Benim babamda çocuğu doğduğu haberini alınca askerden kaçmış.  Cezası  idam imiş. Yakalanmış, Kastamonu’ya götürmüşler.  Bu idam, asılma olayı çevrelerinden duyan-gören çocuklar bir yerde idamcılık oyunu oynarken bir çocuğu asıyorlar ve çocuk ölmüş. Bunun üzerine idam cezası kalkmış. Babamı Sinop’ta hapse atmışlar, cezası  Cumhuriyet İlkokulunun yapımında çalışmak olmuş. Kadir Amcam ben babanın o parası ile okudum derdi. Babamın o yıllarda kahvesi vardı. Amcam Boyabat’ta öğretmendi, babamla tartıştı “Neden okula yollamıyorsun “ diye. Gerze’nin yandığı 1956 da ilkokulu onun yanında bitirdim. Faik Hoca bize burada matematik dersinde hep aynı problemi anlatırdı. Kastamonu  Öğretmen okulu sınavlarına  İhsan hoca ile Cumhuriyet ilkokulunda imtihana girdik. İkimizde kazandık.  Bütün masrafımı Kadir amcam üstlenmişti.

Bektaşağa köyü ile ilgili yazılar yazarken sanaldan bir bayan bana “Sizin köyde Alevi var mı?” diye sordu. Bilmiyorum dedim. Enver Akay’ın muhtarlığında hıdırellez alanının dışarıdan gelen esnafa parselasyonunda  çalışıyordum. Yer beğenmeye gelen esnafın biri  akşam ezanını duyunca “Yav burada camide varmış” dedi. Ben güldüm, var var dedim. Siz bu köyü alevi köyü sandınız galiba” demiş, köyümüzün adı ile ilgili demin anlattığım bilgiyi vermiştim.

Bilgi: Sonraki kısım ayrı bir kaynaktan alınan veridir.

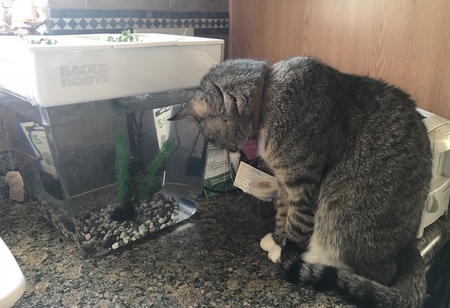 Entry image for Riliegh. Clicking this image will show a larger photo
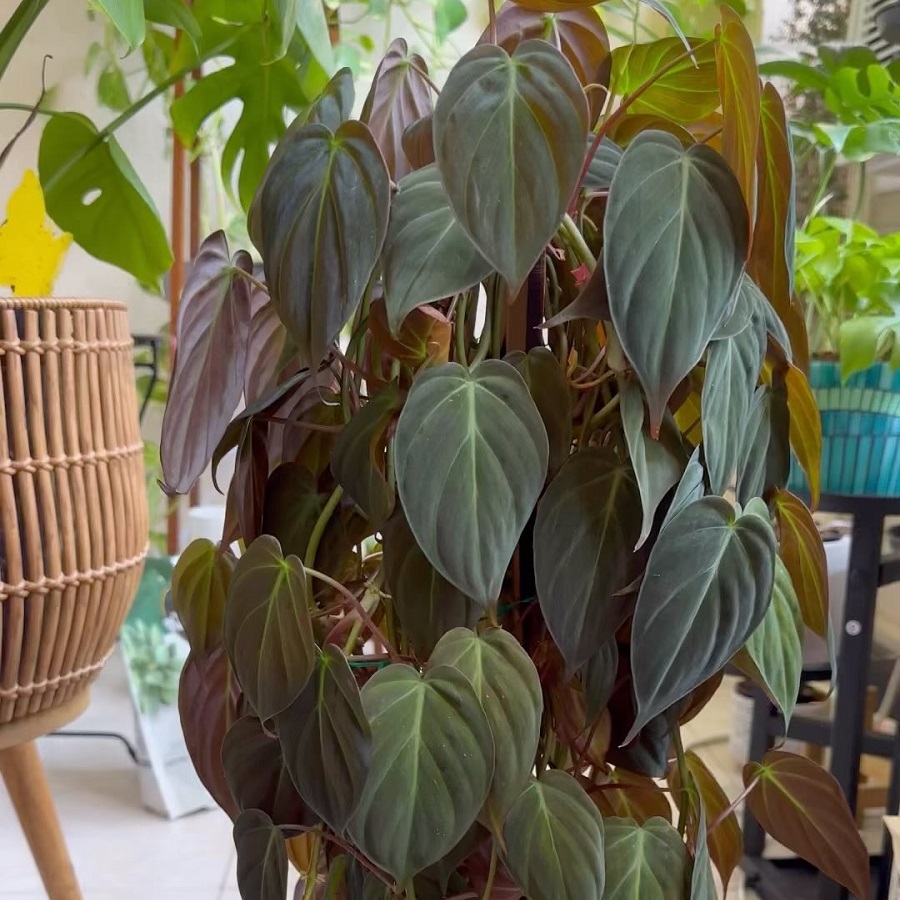Philodendron hederaceum var. hederaceum 'Micans'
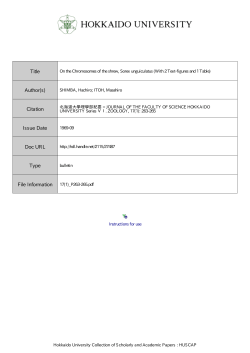 On the Chromosomes of the shrew, Sorex unguiculatus (With 2 Text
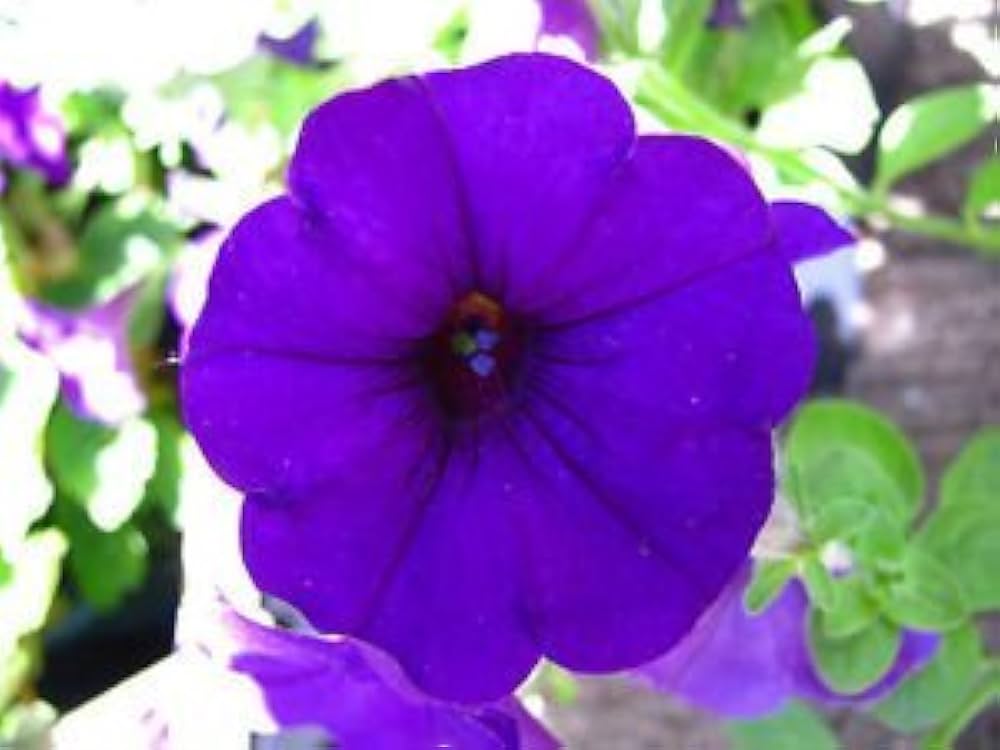 Limbo Lilac flower seeds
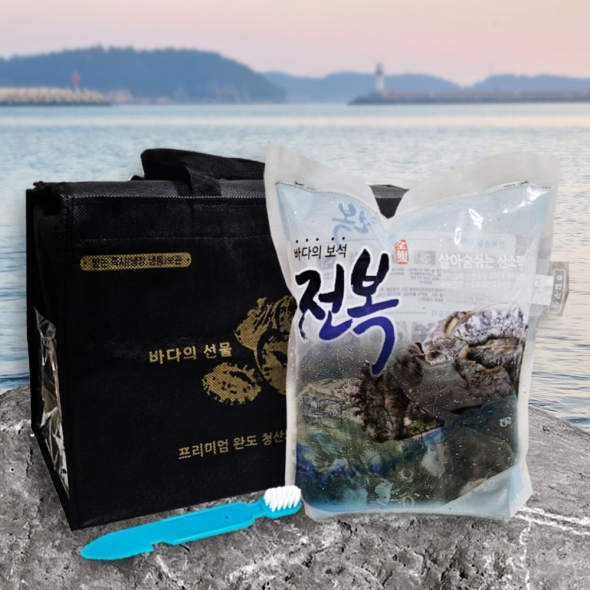 프리미엄 활전복 선물세트 2호 1kg, 8~9 미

Ömer ile Zeki Özcan bizim buraya gelirdi, top oynardık. Bir akşam geç oldu, bunlar evlerine gidemiyor. Ben bunları götürdüm. Dönüşte hava iyice karardı. Kürt Hasanın orada yerde yatan koca koca şeyler gördüm, korktum. Sizin değirmene doğru kaçtım. Çayı geçtim. Çapeyi nefes nefese çıktım. Ertesi gün aynı yere gittim. Kavlanları kesmişler, yerdeki kütüklerden korkmuşum.  

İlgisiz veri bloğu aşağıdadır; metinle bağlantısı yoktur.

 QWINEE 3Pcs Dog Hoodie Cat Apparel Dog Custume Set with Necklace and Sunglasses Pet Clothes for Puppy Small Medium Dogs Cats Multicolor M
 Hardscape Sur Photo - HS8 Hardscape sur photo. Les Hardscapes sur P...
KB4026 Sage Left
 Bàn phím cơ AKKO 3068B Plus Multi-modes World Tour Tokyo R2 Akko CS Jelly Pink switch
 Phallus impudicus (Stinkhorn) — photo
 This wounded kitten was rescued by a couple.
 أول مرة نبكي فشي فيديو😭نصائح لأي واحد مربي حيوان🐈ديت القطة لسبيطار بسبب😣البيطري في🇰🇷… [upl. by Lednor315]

Bir de okulun deresinden de şeytan var diye korkardık. Onun hikayesi de şöyle; Bektaşağa’nın delikanlılarının Arap Köyüne düğüne gelmelerine kızarlarmış. Bir gece zekes dönüşü Arap köyünün gençleri köprünün altına girmişler çarşaflarla, ıslıklarla bunları geçerken korkutmuşlar.


AFİYET ÖZDEMİR
Beyti dedesini anlatırken Jajiy’in yanında akrabaları olduğunu söylüyor. Karaağa Mehmet kim? Diye soruyorum. 
Yengem dedemdir diyor. Bu köye ilk gelenlerden biri dedem Blanabze Karaağa Mehmet olabilir. Jajiy de Blanabze idi. Bir akrabalığı olabilir ama ben tam bilmiyorum. 
Benim babamın adı Soğmafko  Mehmet Ali idi.
Mahmut Kahya’nın yaptığı ev Küçük Dede ile bizim evin arasındaydı.  Evin altında ahır üstünde ev vardı. Küçük dedeniz orayı ahır olarak kullanıyordu, üst katını siz görmediniz.
Benim gelin geldiğimde Mahmut Kahya yoktu.
Çaydaki Hala (Nazire Özcan) kaçtı, Zekiye hala (Erdem) da kocaya kaçarak evlenmiş. Çipi Hala zingir zingir  davulla gidecem dermiş. 
Dedenin gözü çakırdı, Çipi halanın ve Zekiye halanın gözü de çakırdı, diğerlerinin gözü kahve rengi idi.
Ben buraya Amcanı çok severek geldim.
Değirmeni Mahmut Kahya yapmış. İlk yapıldığında ağaçmış. Yangın olunca birketten yaptılar.


Bizim evin önündeki düzlükte (İhsan’ların samanlığının önünde) dedem Eztemur orada yatıyor diye Zekiye Hala, İlyas Amcana orayı temizletirdi.